INFORMATION PROVIDED

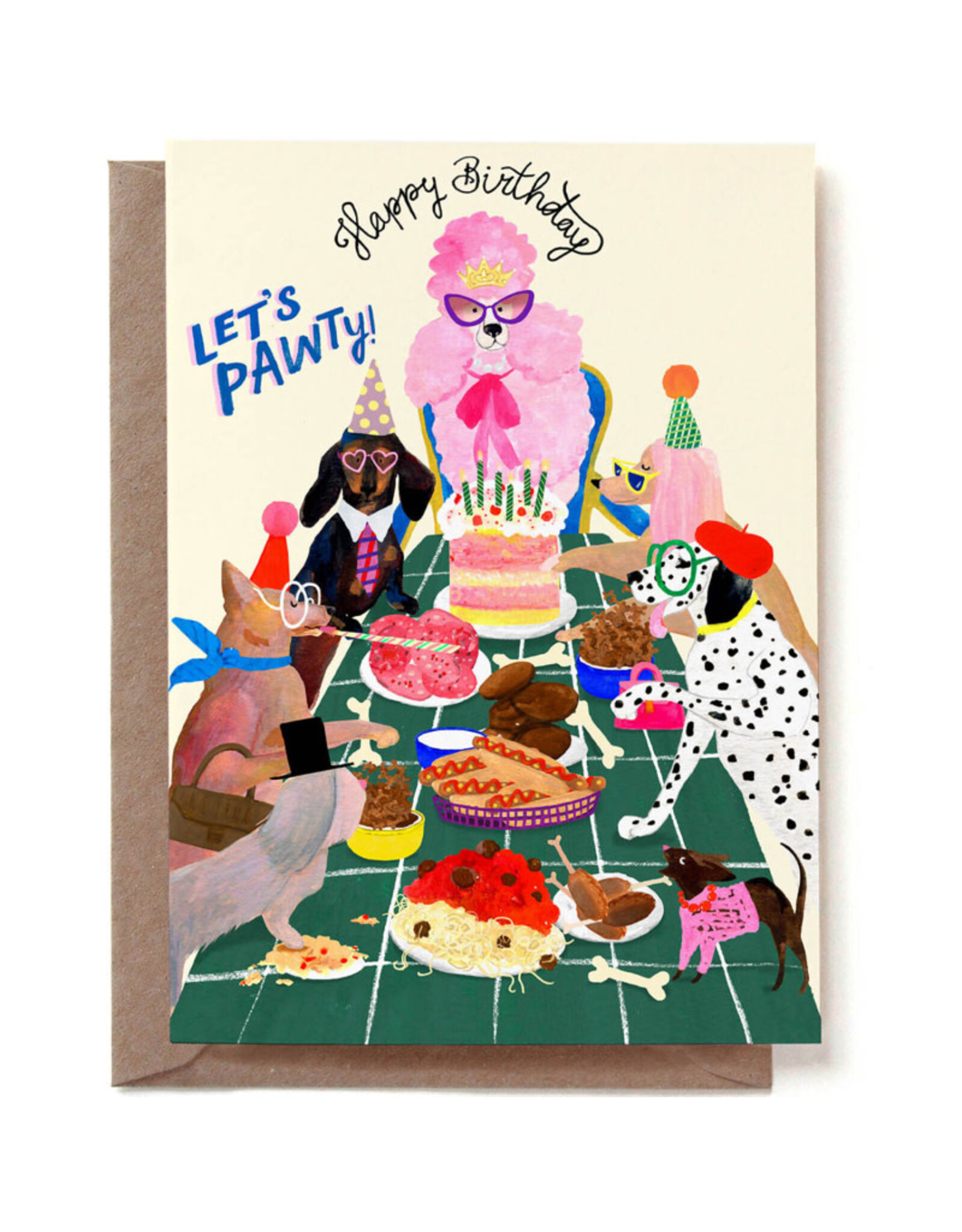 Reddish Design Wenskaart - Birhtday Party Dogs - Dubbele kaart + Envelop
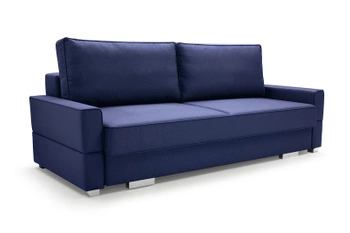 Kanapa z funkcją spania ZANA - strukturalna tkanina - kolor granatowy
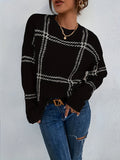 vlovelaw  Plaid Crew Neck Pullover Sweater, Casual Long Sleeve Drop Shoulder Sweater For Fall & Winter, Women's Clothing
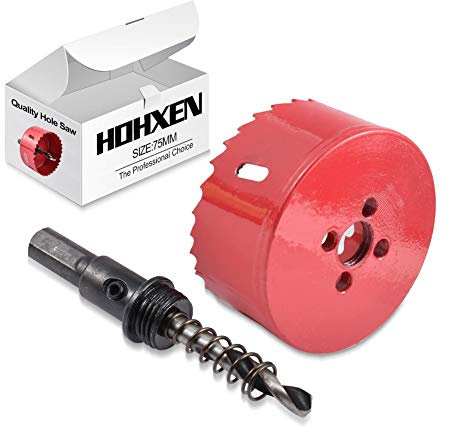 HOHXEN Lochsäge 75mm, M42 HSS Bi-Metall Lochöffner Cutter Werkzeug mit Positionierbohrer zum Schneiden von Baustahl, Edelstahl, Gusseisen, Messing, Aluminium, Holz, PVC, Gipskarton, Dichteplatte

WHAT YOU HAVE TO DO
Copy out all the data above exactly as written. Skip the pictures.

RESULT OF THIS TASK
 Reddish Design Wenskaart - Birhtday Party Dogs - Dubbele kaart + Envelop
 Kanapa z funkcją spania ZANA - strukturalna tkanina - kolor granatowy
 vlovelaw  Plaid Crew Neck Pullover Sweater, Casual Long Sleeve Drop Shoulder Sweater For Fall & Winter, Women's Clothing
 HOHXEN Lochsäge 75mm, M42 HSS Bi-Metall Lochöffner Cutter Werkzeug mit Positionierbohrer zum Schneiden von Baustahl, Edelstahl, Gusseisen, Messing, Aluminium, Holz, PVC, Gipskarton, Dichteplatte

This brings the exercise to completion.